Collaboration in an online environment

So, how do you bring this iterative, hands-on energy into an online environment?

“I used Slack to pretend we were in the computer lab,” she explained. “Screenshots, threads and questions are all very effective. Nothing is a stupid question, and the students help each other.”

Despite being formally asynchronous, every online Dartmouth course can be pointed out that there are two optional synchronous meetings per week. For Farnham’s FPGA courses, these courses are very popular.

For hardware courses in the course, Dartmouth also ships the physics kit to each student’s home so that learning can be truly hands-on.

Farnham combines documentation, hardware-CAM demonstrations, whiteboard explanations, and even struggles to play for something in her instructions. “Basically, I’m thinking about how to give you this information in every possible way. Whatever you click, click.”

She herself is a recent student and she is also very meticulous about the type of material she provides to her students.

“I’ll record a teaching video and always watch it. If I’m watching it bored, I’ll re-record it and try to find ways to make it more interesting. If I don’t want to watch it, why do you want it?”

Dartmouth’s Difference: Learning and Learning

Farnham said what makes Dartmouth’s online men in computer engineering so powerful, not just content. This is a mentality.

“The truth is, technology changes so quickly. The gold standard you learn today may not be the standard within 12 months.
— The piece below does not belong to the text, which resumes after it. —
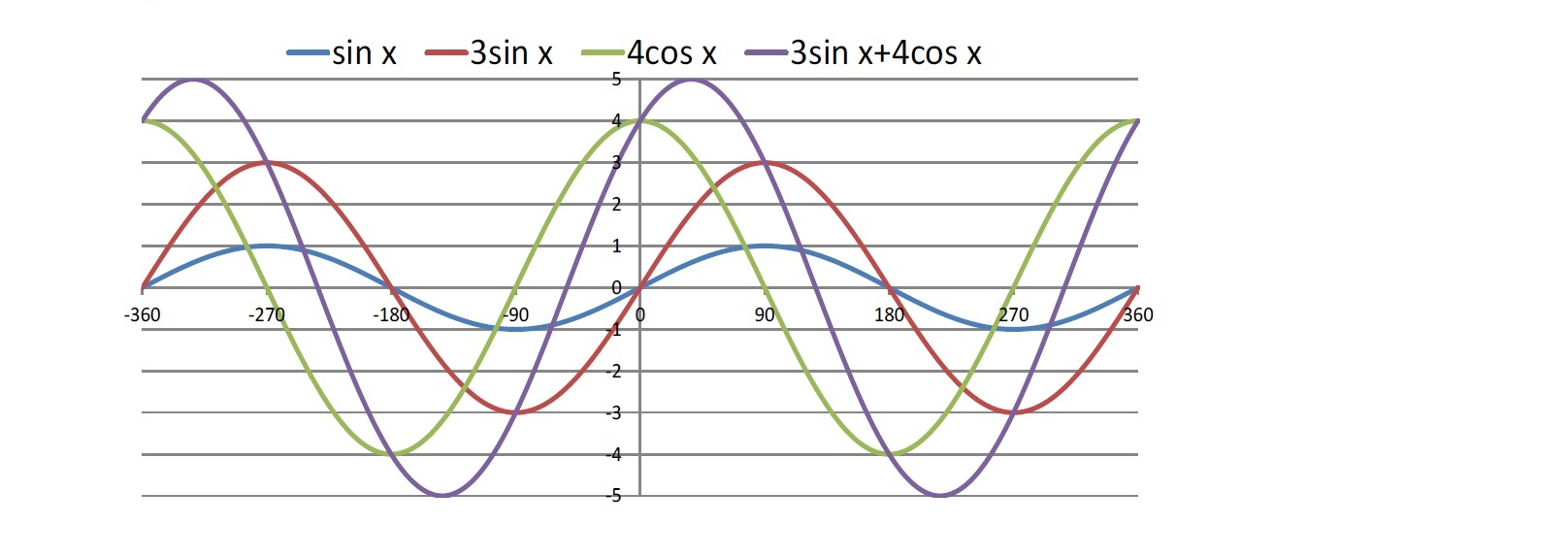 三角関数の合成公式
We teach you how to do it studyand how to continue learning. ”

From hands-on FPGA to the concept of machine vision, the program’s projects are directly linked to real-world industry challenges. “In the FPGA course, we have learners applying their projects directly to their work. That’s the goal: make it practical.” The course aims to have use cases in a wide range of industries.
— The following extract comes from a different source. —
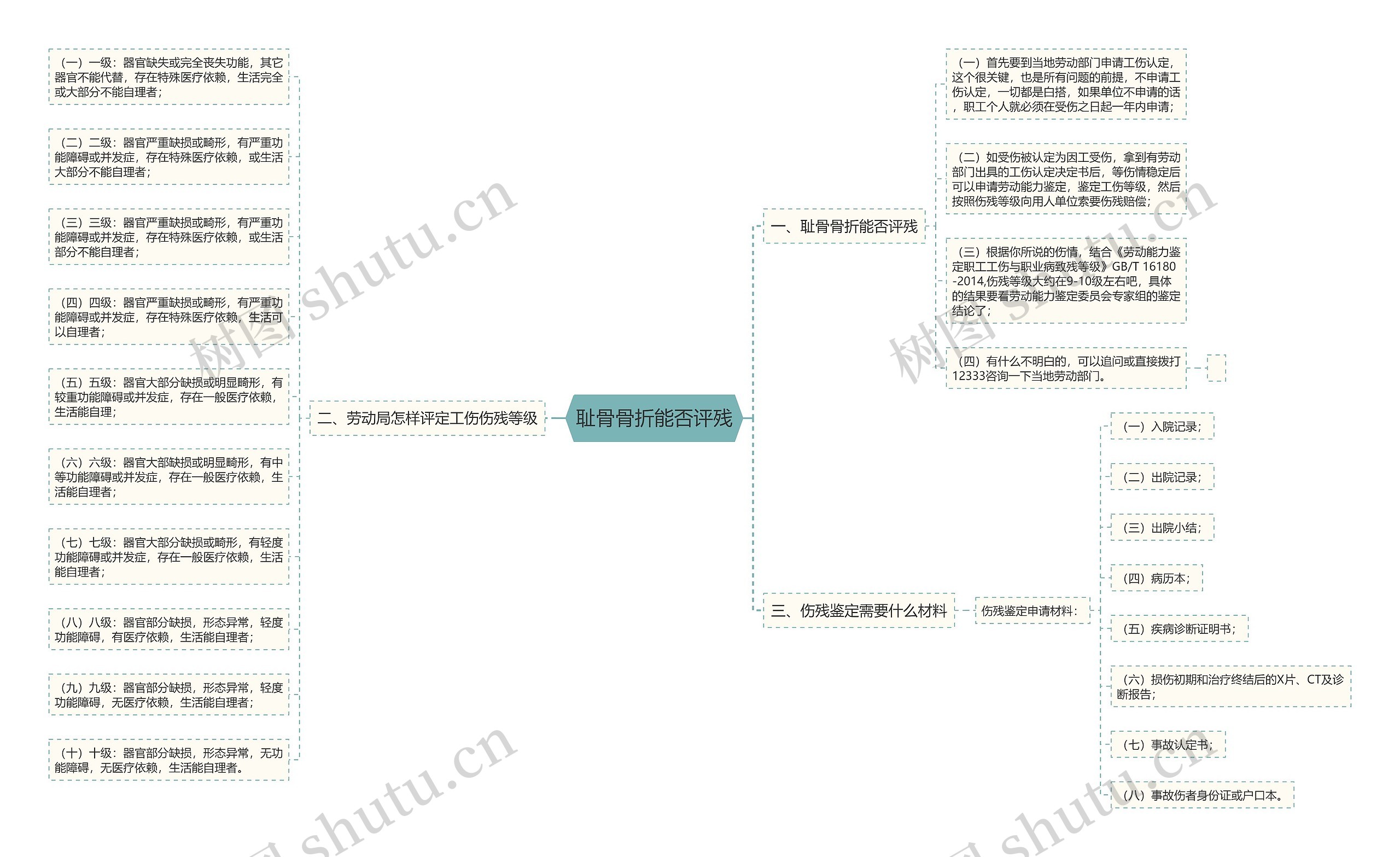 耻骨骨折能否评残思维导图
Now she begins her new Machine Vision course, where she takes students to conduct weekly case studies in areas such as underwater robotics, agriculture and aerospace. “The Mars rover is built on an FPGA. You start with the camera and ask: How do you communicate data? What is the mechanical challenge? You can plug it into any industry.”
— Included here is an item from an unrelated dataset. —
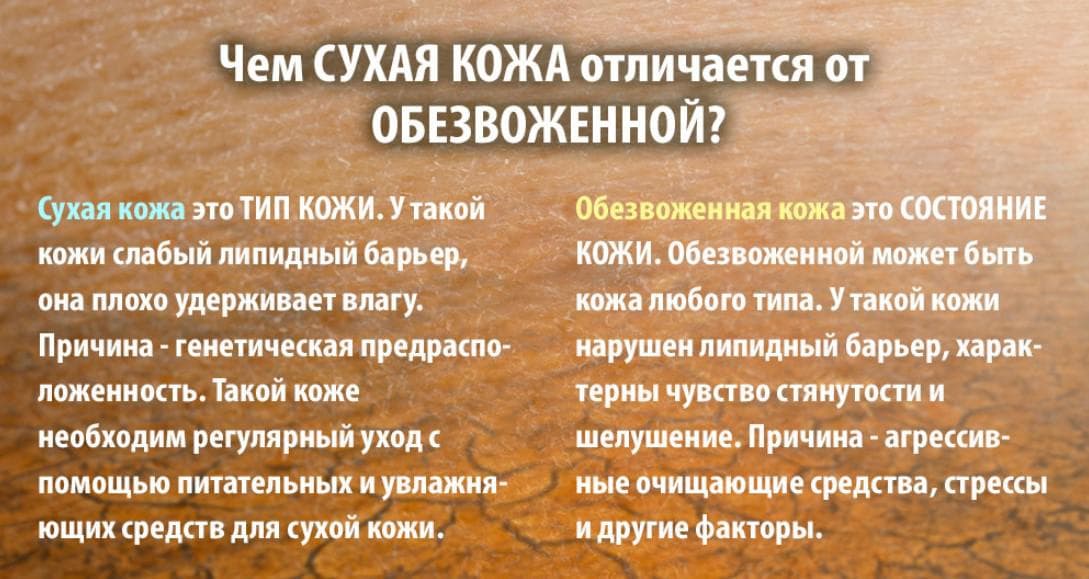 Соленая кожа тела: что она означает и почему это важно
Her goal is to make every student an effective learner and communicator. “You can be a very smart engineer, but if you can’t communicate designs, you may not be an engineer either. Engineering affects everything; you can’t work in a silo.”

Suggestions for future engineers: Curious. adventure.

Farnham never thought he would become a professor. “I need to make changes at work and want to expand to hardware. I know a lot of people are completely hub because they learn something new, and that’s what I do,” she said. But now she’s “lifelong” in Dartmouth and is passionate about expanding access to engineering education.

“If you’re curious about something else outside of the direct bubble, explore it,” she said. “If you’re thinking about grad school and not sure why, but something is attracting you, try it. What do you have to lose?”

Her advice? open. Stay adaptable. “Planning is good, but don’t associate it with planning. You may learn something new and hub-to-peer. That’s engineering. It’s a problem of solving problems, rethinking and iterating. Just like life.”

Are you ready for the next step?

If you are curious, ambitious, and eager to understand how things work and how to better make them better with smart systems, a master of online computer engineering in Dartmouth might be your next step. With professors like Kendall Farnham, you don’t just learn hardware. You will learn how to learn, think and communicate, 100% online, hands-on and go straight to the future.